Loin de défendre, dans un réflexe que l’on pourrait qualifier, de communautaire, ceux qui seraient finalement mes semblables – je suis moi-même femme française, issue de l’immigration algérienne, née et grandie en banlieue, au sein d’une famille musulmane et ouvrière – je cherche surtout à resituer le débat et exiger des formulations toutes faites, qu’elles livrent leur vérité scientifique. C’est moins une affaire d’affect (puisqu’encore une fois, l’on parle de moi) que de ce que notre débat républicain doit à la vérité. Cet antisémitisme présenté comme « musulman », il me semble bien, en plus d’être approximativement défini, est décharné de sa filiation française. C’est-à-dire que cette expression promeut une croyance bancale : l’émergence ex nihilo chez les Français musulmans d’une nouvelle forme d’antisémitisme. Un antisémitisme nouveau, virginal et hermétique au milieu dans lequel il serait né – la France. Non seulement la République s’en trouve déresponsabilisée ; mais face à cette absence de responsabilité, les Français incarnant un « nouvel antisémitisme musulman » n’appartiendraient ni à l’histoire ni au contexte républicains, donc.

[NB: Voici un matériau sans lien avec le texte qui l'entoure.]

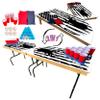 2-in-1 Cornhole & Pong Table - for College, Tailgate, Parties | Includes - 8FtPong Table, Cornhole Board Set 4x2Ft, (8) Cornhole Bags (22) Cups (6) Pong Balls & (2) Racks (White Deer Flag) view 1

Surgit, alors, une question. Qui génère le séparatisme ? Qui inclut, dans les meilleurs moments et exclut dans les pires épreuves, sinon la République ? Il ne s’agit pas bien sûr de dédouaner les individus, leur violence et leur projet mené contre le bien commun de la Nation. Dans une formule célèbre, le philosophe Spinoza enjoint les Hommes à « ne pas rire, ne pas pleurer, ne pas haïr, mais comprendre ». Tout comme les ressorts de l’antisémitisme, ce qui pousse une frange des Français à s’écarter voire à faire sécession, se trouve dans le passé.

De ce passé conflictuel, Emmanuel Phatthanasinh en propose une interprétation fondée sur la mémoire et ses affres, les non-dits de l’histoire coloniale. Ce séparatisme serait né sur les fonts baptismaux du roman colonial que moult enfants de l’immigration tentent d’écrire ou de s’écrire. En flottement dans une société française pas toujours empressée de leur faire une place, ces Français tissent, détissent, retissent une place avec les fils de leurs héritages multiples, différents, adverses, parfois. Parfois, ces compositions rejouent par procuration des batailles passées, liées, éternellement, au camp « des vaincus », de « ce père humilié » par la colonisation française. Un lent chemin déclinant vers les défaites du passé, infligées aux parents, grands-parents, conduiraient, alors, vers la pente dangereuse du séparatisme. Erigé en « fantasme », il permet, alors de « rejouer » le point final, la balle du match du « conflit colonial en le travestissant en guerre de civilisations ».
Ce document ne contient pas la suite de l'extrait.